Chen Wenan, Zhang Silu, Williams Justin, Ju Bensheng, Shaner Bridget, Easton John, Wu Gang, Chen Xiang
Center for Applied Bioinformatics, St. Jude Children's Research Hospital, Memphis, TN, United States.
Department of Diagnostic Imaging, St. Jude Children's Research Hospital, Memphis, TN, United States.
Comput Struct Biotechnol J. 2020 Mar 30;18:861-873. doi: 10.1016/j.csbj.2020.03.026. eCollection 2020.
Accounting for batch effects, especially latent batch effects, in differential expression (DE) analysis is critical for identifying true biological effects. Single-cell RNA sequencing (scRNA-seq) is a powerful tool for quantifying cell-to-cell variation in transcript abundance and characterizing cellular dynamics. Although many scRNA-seq DE analysis methods accommodate known batch variables, their performance has not been systematically evaluated. Moreover, the challenge of accounting for latent batch variables in scRNA-seq DE analysis is largely unmet. In contrast, many methods have been developed to account for batch variables (either known or latent) in other high-dimensional data, especially bulk RNA-seq. We extensively evaluate 11 methods for batch variables in different scRNA-seq DE analysis scenarios, with a primary focus on latent batch variables. We demonstrate that for known batch variables, incorporating them as covariates into a regression model outperformed approaches using a batch-corrected matrix. For latent batches, fixed effects models have inflated FDRs, whereas aggregation-based methods and mixed effects models have significant power loss. Surrogate variable based methods generally control the FDR well while achieving good power with small group effects. However, their performance (except that of SVA) deteriorated substantially in scenarios involving large group effects and/or group label impurity. In these settings, SVA achieves relatively good performance despite an occasionally inflated FDR (up to 0.2). Finally we make the following recommendations for scRNA-seq DE analysis: 1) incorporate known batch variables instead of using batch-corrected data; and 2) employ SVA for latent batch correction. However, better methods are still needed to fully unleash the power of scRNA-seq.
在差异表达(DE)分析中考虑批次效应,尤其是潜在批次效应,对于识别真正的生物学效应至关重要。

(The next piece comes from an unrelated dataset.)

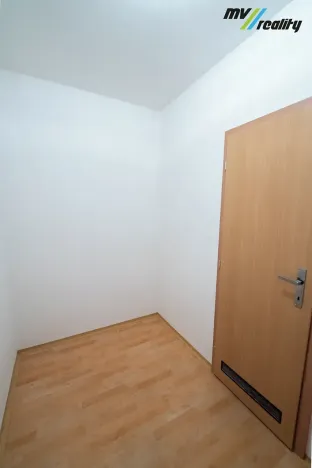 Prodej bytu 3+1, Milovice, Topolová, 77 m2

单细胞RNA测序(scRNA-seq)是一种强大的工具,可用于量化转录本丰度中的细胞间差异并表征细胞动态。尽管许多scRNA-seq DE分析方法考虑了已知的批次变量,但其性能尚未得到系统评估。此外,在scRNA-seq DE分析中考虑潜在批次变量的挑战在很大程度上尚未得到解决。相比之下,已经开发了许多方法来考虑其他高维数据中的批次变量(已知或潜在),尤其是批量RNA-seq。我们在不同的scRNA-seq DE分析场景中广泛评估了11种处理批次变量的方法,主要关注潜在批次变量。我们证明,对于已知的批次变量,将它们作为协变量纳入回归模型的方法优于使用批次校正矩阵的方法。对于潜在批次,固定效应模型的错误发现率(FDR)过高,而基于聚合的方法和混合效应模型则存在显著的功效损失。基于替代变量的方法通常能很好地控制FDR,同时在小组效应下具有良好的功效。然而,在涉及大组效应和/或组标签不纯的场景中,它们的性能(SVA除外)会大幅下降。在这些情况下,尽管SVA偶尔会出现过高的FDR(高达0.2),但其性能相对较好。最后,我们对scRNA-seq DE分析提出以下建议:1)纳入已知的批次变量,而不是使用批次校正后的数据;2)采用SVA进行潜在批次校正。然而,仍需要更好的方法来充分发挥scRNA-seq的功效。